You remember correctly, it provides vitamin A as retinol, not as betacarotin. I replace it every 6 month.


Ed said:


> From what I remember, nutritional levels of meadow plankton can vary signficantly between localities and areas but it does provide a good source of nutrition however some people may view the risks of coccidia, and iridioviruses as unacceptable. There is information in the literature showing that (for the iridiovirus info see Jacobson, Elliott R; 2007; Infectious diseases and Pathologies of Reptiles; CRC Press) these pathogens are carried in the invertebrates used to feed the amphibians. If there is a active infection in the region it can be transmitted to the frogs.
> 
> Have you had a fecal done on the frogs?
> 
> ...


Well, up to now I haven't had any issues with the pathogens you mentioned.
I hope I never will have some. As "our" meadow plankton seams to be of good quality (on a gut level... because we use it since many years) I'm not willing to pass on this food source.
I've done no fecal on the frogs. (<- hope, I didn't misword this  )
Thx for your comments so far.

greets,
CF


----------



## Ed (Sep 19, 2004)

You can use feeding stations to reduce the roaming of the flies which will also reduce/prevent any stress caused by the flies. 

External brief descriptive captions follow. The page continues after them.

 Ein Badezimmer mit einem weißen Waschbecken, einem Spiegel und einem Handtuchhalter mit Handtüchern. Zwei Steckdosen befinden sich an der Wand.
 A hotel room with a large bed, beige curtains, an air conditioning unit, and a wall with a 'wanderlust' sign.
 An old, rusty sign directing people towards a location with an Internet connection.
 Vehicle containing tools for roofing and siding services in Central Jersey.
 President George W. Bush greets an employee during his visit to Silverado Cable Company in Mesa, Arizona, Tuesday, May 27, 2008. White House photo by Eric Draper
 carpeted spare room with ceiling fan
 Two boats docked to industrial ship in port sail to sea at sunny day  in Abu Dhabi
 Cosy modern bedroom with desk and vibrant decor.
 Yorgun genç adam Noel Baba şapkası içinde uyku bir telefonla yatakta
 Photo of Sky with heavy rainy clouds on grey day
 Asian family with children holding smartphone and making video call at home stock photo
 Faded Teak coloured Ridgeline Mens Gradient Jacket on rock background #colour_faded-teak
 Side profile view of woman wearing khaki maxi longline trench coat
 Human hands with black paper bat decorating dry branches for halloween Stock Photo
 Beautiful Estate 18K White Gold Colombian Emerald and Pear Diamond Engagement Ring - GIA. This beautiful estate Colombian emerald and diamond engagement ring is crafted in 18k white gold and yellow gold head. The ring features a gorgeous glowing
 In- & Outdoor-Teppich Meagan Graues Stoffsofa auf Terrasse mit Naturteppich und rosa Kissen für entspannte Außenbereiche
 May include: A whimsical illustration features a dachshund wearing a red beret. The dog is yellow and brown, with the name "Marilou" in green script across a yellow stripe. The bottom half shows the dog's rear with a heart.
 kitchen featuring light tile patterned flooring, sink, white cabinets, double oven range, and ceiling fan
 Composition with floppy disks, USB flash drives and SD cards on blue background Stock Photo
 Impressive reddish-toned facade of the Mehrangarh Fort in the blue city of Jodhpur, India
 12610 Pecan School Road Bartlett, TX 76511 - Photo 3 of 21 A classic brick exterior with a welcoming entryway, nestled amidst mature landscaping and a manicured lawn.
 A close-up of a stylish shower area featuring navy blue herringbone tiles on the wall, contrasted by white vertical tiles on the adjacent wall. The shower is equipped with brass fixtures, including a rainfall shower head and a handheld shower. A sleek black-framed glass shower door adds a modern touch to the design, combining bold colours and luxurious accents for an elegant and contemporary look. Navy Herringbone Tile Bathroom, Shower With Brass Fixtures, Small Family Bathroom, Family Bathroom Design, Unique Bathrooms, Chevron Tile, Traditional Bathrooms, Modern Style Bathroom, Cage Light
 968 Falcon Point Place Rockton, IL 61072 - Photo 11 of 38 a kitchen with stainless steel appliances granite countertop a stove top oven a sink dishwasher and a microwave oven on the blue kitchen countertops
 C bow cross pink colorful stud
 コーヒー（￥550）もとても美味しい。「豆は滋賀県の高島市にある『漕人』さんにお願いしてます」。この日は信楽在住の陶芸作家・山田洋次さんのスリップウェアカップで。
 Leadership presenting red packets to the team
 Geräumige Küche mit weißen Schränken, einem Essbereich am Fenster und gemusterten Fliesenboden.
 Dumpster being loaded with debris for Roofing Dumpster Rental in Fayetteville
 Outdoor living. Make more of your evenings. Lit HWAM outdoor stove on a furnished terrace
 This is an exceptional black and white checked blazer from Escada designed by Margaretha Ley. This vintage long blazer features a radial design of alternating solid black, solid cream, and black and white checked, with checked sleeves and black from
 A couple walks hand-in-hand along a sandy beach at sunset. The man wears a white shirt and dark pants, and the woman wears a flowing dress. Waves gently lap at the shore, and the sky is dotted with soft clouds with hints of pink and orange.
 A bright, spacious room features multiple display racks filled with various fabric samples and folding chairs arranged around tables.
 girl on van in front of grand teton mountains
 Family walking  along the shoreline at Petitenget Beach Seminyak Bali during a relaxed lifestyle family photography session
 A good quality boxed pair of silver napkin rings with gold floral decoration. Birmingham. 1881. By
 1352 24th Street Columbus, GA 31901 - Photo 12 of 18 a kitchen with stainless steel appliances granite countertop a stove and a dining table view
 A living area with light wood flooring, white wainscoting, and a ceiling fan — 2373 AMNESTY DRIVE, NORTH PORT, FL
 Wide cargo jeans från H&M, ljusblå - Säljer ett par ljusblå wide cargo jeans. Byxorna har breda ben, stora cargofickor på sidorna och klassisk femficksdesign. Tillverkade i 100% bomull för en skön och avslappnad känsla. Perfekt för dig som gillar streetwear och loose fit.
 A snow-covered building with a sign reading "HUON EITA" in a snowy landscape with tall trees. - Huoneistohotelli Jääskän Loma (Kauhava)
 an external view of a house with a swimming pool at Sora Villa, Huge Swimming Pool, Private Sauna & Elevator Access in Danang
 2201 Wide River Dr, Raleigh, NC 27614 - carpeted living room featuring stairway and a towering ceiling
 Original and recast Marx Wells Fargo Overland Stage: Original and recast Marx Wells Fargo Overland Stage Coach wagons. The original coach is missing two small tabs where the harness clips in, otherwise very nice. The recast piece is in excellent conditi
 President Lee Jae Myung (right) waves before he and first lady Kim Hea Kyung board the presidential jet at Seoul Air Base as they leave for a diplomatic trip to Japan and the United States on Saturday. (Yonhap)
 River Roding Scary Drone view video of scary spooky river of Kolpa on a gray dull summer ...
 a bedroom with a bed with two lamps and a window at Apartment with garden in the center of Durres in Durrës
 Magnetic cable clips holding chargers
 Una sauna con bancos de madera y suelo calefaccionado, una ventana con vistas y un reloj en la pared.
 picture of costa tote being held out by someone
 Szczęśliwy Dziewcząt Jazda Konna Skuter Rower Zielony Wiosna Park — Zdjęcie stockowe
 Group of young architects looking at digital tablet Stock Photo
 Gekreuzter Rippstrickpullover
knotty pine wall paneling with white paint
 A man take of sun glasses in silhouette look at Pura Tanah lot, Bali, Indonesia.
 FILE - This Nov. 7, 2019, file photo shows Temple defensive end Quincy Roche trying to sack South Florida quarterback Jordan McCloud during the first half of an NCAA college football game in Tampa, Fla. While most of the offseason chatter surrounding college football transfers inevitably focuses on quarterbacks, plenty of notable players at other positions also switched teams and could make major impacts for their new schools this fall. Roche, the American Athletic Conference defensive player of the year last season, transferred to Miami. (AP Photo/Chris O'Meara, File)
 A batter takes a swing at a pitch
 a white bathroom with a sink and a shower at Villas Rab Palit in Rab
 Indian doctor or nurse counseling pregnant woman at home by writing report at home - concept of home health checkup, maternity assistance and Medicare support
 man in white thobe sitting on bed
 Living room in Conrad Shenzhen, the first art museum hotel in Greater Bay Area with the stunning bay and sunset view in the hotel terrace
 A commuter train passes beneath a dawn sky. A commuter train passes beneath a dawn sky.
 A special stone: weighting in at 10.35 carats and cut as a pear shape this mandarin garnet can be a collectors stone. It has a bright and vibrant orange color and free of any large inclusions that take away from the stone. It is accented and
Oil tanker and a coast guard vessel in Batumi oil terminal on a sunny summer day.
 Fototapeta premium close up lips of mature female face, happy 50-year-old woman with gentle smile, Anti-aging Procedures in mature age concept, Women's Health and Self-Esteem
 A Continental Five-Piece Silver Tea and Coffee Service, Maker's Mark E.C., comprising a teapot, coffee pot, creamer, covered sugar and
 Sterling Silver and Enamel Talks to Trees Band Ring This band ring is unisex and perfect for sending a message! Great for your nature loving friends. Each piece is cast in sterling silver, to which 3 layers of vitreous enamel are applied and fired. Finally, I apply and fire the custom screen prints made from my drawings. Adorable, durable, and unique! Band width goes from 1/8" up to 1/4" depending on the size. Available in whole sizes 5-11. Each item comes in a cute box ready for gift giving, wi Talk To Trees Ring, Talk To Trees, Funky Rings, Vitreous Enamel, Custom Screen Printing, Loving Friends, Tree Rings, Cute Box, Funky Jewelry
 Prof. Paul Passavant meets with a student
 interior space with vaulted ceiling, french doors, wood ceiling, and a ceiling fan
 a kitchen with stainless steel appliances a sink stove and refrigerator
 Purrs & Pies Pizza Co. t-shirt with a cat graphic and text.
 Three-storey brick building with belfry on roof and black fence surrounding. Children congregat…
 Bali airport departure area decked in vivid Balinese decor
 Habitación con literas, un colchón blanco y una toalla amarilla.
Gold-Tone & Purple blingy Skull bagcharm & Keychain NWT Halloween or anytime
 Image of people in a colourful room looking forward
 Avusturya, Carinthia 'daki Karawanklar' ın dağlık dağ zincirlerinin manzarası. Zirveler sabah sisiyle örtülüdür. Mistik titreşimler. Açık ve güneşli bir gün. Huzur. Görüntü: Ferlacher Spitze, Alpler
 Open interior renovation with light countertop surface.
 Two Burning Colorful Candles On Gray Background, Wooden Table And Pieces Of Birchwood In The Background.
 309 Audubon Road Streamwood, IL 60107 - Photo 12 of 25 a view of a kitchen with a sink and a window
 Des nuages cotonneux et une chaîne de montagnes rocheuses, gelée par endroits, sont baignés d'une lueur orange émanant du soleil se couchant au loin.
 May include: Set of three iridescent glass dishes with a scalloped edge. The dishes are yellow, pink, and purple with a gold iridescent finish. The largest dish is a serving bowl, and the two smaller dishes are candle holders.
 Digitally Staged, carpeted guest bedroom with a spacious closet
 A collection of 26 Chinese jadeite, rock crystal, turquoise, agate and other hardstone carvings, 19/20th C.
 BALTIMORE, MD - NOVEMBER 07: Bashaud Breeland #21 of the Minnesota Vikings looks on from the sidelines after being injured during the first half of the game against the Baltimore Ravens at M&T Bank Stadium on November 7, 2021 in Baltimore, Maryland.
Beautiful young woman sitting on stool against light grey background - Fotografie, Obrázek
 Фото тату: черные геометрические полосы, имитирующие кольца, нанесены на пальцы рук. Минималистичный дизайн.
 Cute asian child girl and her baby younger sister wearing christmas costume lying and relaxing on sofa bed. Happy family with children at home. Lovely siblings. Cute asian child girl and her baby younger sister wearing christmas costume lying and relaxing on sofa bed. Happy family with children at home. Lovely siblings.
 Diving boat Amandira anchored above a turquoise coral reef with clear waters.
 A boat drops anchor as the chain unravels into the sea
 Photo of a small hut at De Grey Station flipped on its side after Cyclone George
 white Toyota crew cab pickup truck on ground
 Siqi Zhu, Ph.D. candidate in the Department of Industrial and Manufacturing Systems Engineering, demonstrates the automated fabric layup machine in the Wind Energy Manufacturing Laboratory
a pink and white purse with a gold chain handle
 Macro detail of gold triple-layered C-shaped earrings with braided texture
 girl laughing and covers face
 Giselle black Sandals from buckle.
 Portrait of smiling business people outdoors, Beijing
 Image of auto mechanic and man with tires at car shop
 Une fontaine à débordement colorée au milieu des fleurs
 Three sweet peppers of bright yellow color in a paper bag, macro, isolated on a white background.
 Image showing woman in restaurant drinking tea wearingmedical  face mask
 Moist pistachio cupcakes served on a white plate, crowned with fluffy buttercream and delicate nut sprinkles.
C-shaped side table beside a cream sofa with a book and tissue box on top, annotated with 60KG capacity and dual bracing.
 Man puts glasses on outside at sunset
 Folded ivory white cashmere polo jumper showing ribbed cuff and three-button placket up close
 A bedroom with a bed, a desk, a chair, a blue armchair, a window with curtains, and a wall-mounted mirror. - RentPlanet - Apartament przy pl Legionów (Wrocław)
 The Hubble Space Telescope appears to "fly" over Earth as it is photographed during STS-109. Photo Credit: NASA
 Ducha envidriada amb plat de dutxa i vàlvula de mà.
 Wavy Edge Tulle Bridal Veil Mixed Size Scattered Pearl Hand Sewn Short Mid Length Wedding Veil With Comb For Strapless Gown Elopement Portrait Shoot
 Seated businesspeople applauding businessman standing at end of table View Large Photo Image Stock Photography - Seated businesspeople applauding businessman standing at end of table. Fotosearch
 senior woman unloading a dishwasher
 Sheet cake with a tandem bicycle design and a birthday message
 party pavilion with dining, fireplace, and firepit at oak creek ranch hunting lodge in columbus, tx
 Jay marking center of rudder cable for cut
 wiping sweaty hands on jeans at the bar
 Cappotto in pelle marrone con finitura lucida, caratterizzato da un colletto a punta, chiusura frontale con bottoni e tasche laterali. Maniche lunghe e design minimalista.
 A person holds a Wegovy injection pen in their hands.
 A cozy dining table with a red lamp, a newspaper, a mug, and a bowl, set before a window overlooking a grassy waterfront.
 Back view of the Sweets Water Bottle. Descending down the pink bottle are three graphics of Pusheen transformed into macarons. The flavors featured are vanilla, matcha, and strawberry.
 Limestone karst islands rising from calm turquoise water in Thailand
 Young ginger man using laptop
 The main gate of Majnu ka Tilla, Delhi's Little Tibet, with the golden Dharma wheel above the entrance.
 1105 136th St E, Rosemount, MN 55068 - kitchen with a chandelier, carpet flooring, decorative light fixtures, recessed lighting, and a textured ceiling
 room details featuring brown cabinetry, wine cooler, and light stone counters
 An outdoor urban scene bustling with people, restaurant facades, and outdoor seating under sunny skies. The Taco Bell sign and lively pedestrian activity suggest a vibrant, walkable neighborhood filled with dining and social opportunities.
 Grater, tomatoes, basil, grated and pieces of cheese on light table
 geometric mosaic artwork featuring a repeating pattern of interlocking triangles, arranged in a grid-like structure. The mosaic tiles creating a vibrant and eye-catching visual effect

The reason I mentioned coccidia and the meadow plankton is that coccidia can cause those symptoms and a couple of fecal checks can give you the answer you need as treatment will usually fix the problem. 

Ed


----------



## Philsuma (Jul 18, 2006)

I don't know if we can use the words "coccidia" and "fix" in the same sentence....

"treat" maybe...


----------



## Ed (Sep 19, 2004)

If a simple treatment results in a frog that is asymptomatic and non-shedding.. I think fix works just fine.. 

Ed


----------



## Cutterfly (Apr 9, 2009)

@Ed:
Ok, thx for information about coccidia. I didn't here about this before. Wikipedia says in the majority of cases coccidia will cause diarrhea if an animal is acutely affected. Would diarrhea apply to dartfrogs? Their feces are solid as far as I was able to determine.
I'll wait a while with these froglets as I know I'm sometimes to paranoid with them. May be they aren't the fittest (or fattest) just because it has been the last clutch before dry season and the pair has laid eggs for a long time. Meanwhile I found a good thread here on DB explaining how to feed FF larvae, so I'll give it a try.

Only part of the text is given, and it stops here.